• [Assignment]:
The material below holds pictures, which are to be left out; copy exactly the lines from the one with "used 2021 Mercedes-Benz" through the one with "Aspire Minican 4+".

Top of Dataset entries

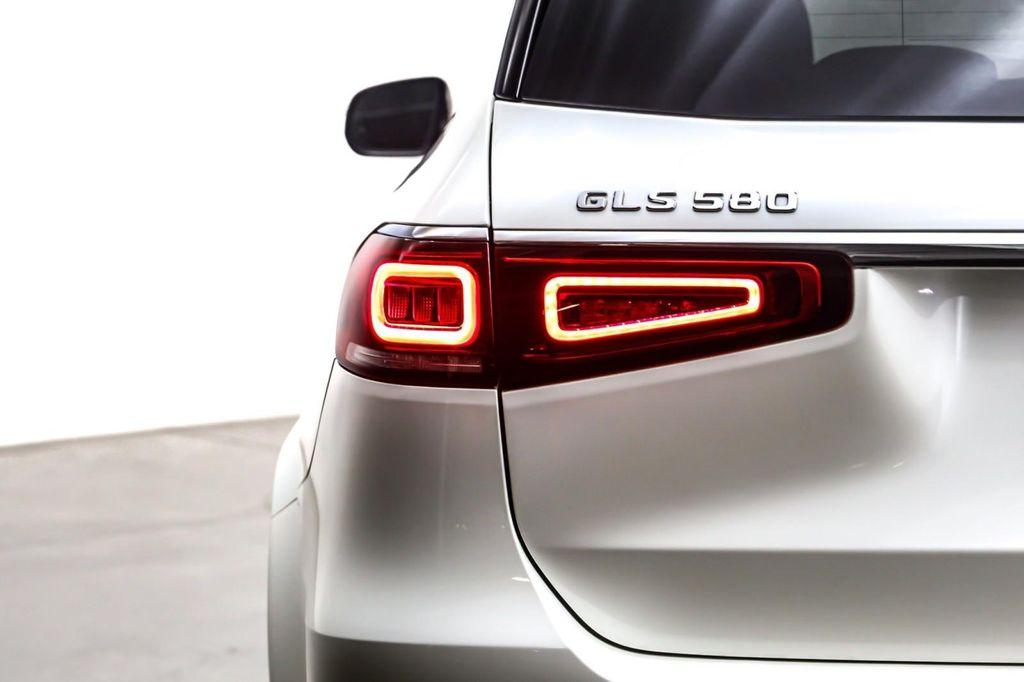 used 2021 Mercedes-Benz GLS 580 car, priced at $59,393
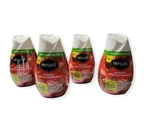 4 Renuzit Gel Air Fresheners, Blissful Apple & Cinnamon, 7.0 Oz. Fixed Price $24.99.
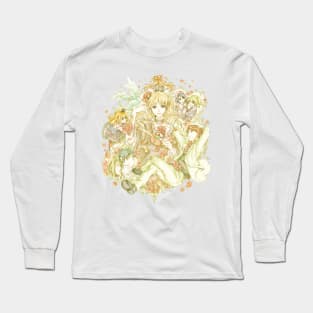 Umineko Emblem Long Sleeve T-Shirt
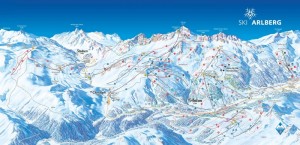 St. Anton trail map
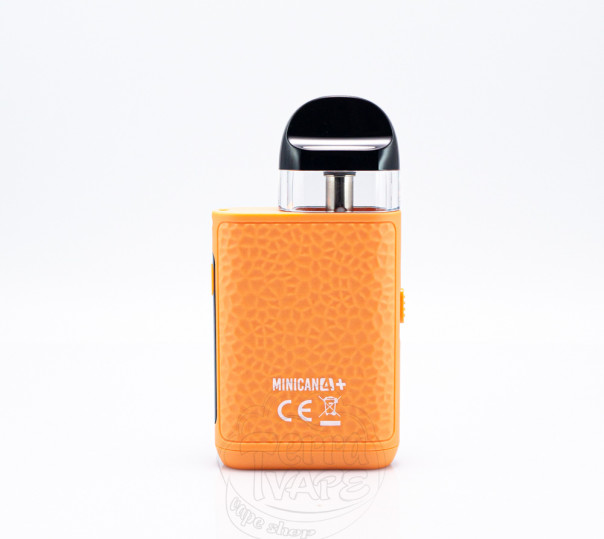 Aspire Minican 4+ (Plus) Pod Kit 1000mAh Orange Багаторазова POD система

Bottom of Dataset entries
Top of Dataset entries

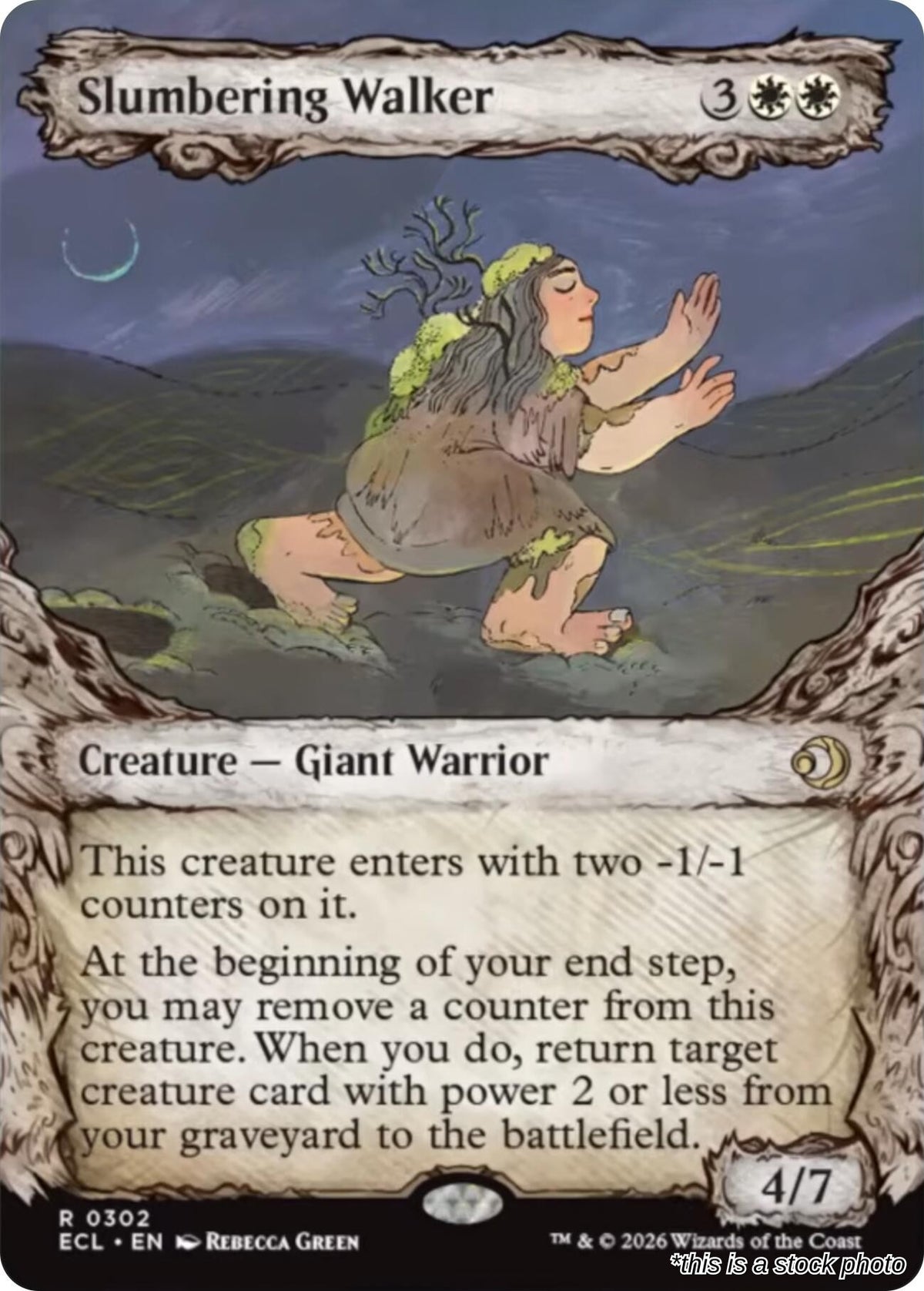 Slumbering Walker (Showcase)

Bottom of Dataset entries

• [Answer to this exercise]:
 used 2021 Mercedes-Benz GLS 580 car, priced at $59,393
 4 Renuzit Gel Air Fresheners, Blissful Apple & Cinnamon, 7.0 Oz. Fixed Price $24.99.
 Umineko Emblem Long Sleeve T-Shirt
 St. Anton trail map
 Aspire Minican 4+ (Plus) Pod Kit 1000mAh Orange Багаторазова POD система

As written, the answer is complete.